Fifty years ago, seemingly trapped in poverty and hunger, South Korea began a rapid rise into affluence while also staring down its neighbor, North Korea, which had invaded it just 10 years earlier and continues to threaten it today. South Korea is now the 15th-biggest economy in the world, home of globally recognized companies like Samsung and Hyundai and a model for developing nations.
But the economic strategy that worked so well for so long has run its course. South Korea has essentially reached the level of wealth that it can attain by relying on exports to turn a rural economy into an industrial one. More of its economic output—43%—comes from exporting goods than in any other advanced nation.
"The country is at an inflection point," South Korean Finance Minister Yoon Jeung-hyun said in a speech in July. "Apparently, there is a limit for export industries to create new jobs and added value."
The question South Korea faces now is both simple and difficult: Can it make the necessary changes—economic, political and cultural—that will let it continue its upward path?
To keep growing, economists here and abroad believe, the country will have to make fundamental changes to its hierarchical, male-dominated society—not only bringing more women into the workplace, but also encouraging innovation and entrepreneurship, promoting by merit rather than seniority and opening the door to immigrants.
It will have to reduce the government's pervasive involvement in the economy, a vestige of a time when powerful presidents and cabinet ministers made hard choices about what to do with scarce capital. And it will have to loosen the country's adherence to Confucian-based hierarchies, following the path taken by such neighbors as Japan, China, Hong Kong and Singapore.
In an interview on Friday, South Korean President Lee Myung-bak described the situation in broad terms. "There is a lot of work to do in reforming many of the social institutions or the norms and the practices and traditions we've had in this country for many, many years," Mr. Lee said. "Some of them have been an obstacle to us becoming a more advanced country. There is a need now for us to try to change."
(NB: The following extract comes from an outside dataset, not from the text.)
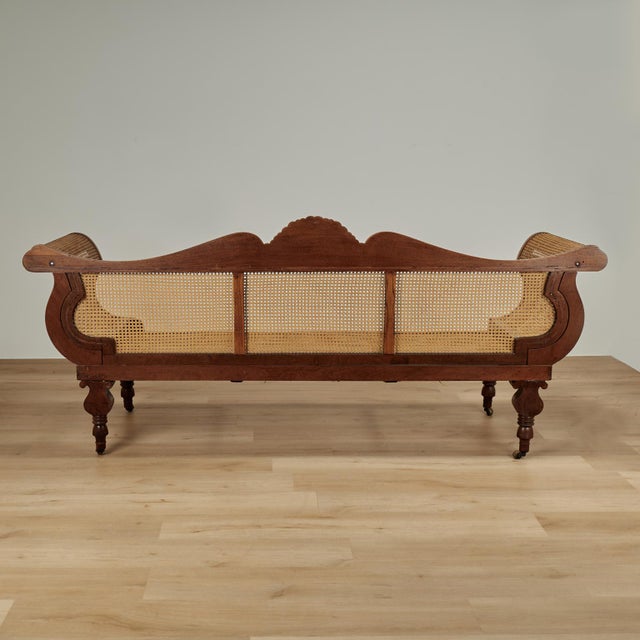 Antique Anglo Indian Caned and Carved Settee For Sale - Image 14 of 15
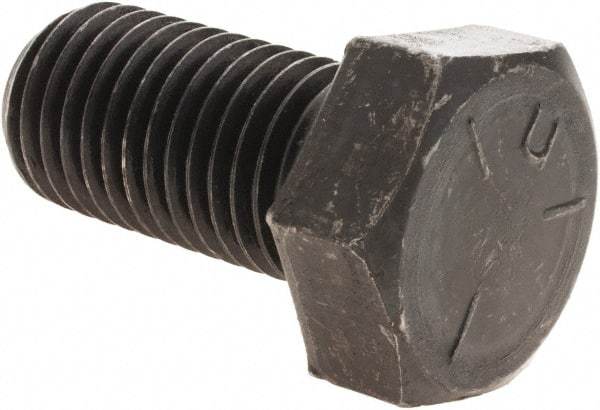 Value Collection - 1-8 UNC, 2" Length Under Head Hex Head Cap Screw - Fully Threaded, Grade 5 Steel, Uncoated, 1-1/2" Hex - Apex Tool & Supply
How South Korea confronts its challenges will be watched by dozens of poorer countries that have emulated the country's successful export-led development model, and by middle-income countries, including Taiwan, Saudi Arabia, Israel and Portugal, which are also hitting plateaus in growth and future potential.
Rise and Stall
South Korea's fast rise began in the 1960s under military dictator Park Chung-hee, who directed scarce capital and resources into many of the same industries that made Japan a powerhouse—textiles, steel, autos and electronics. South Koreans rebelled against authoritarian rule in the 1980s and established a constitutional democracy in 1987, but the economy continued to grow rapidly.
South Korea's per-capita income reached $20,000 in 2007, and while the Asian financial crisis in 1997 and 1998 dealt a blow to the country's traditions of lifetime employment and forced its companies to focus more on profits than growth for growth's sake, the disruption to the country's upward trajectory was brief.
Under the surface of that rising prosperity, however, the seeds of trouble were starting to grow.
South Korea's economic growth averaged 4.3% a year over the past decade, down from 6.2% in the 1990s. The country this year will grow around 6%, better than most advanced countries, but that's coming after two years of marginal performance. Economists' forecasts for next year range from 3% to 4.5%.
What's more, the country's growth potential has dropped further in the past 15 years than any other developed country, according to the South Korea Chamber of Commerce and Industry. Its recent study showed South Korea's growth potential—the maximum possible output when all production factors like labor and capital are used—is now about 4% annually and will likely shrink to between 2% and 3% in the next 10 years.
All this is happening in South Korea at a much lower income level than when it happened in Japan, whose development model, laws and culture South Korea mirrors to a great degree. In the late 1980s, when Japan's growth potential fell to 3% to 4%, its per-capita income exceeded $30,000. South Korea's now hovers around $20,000.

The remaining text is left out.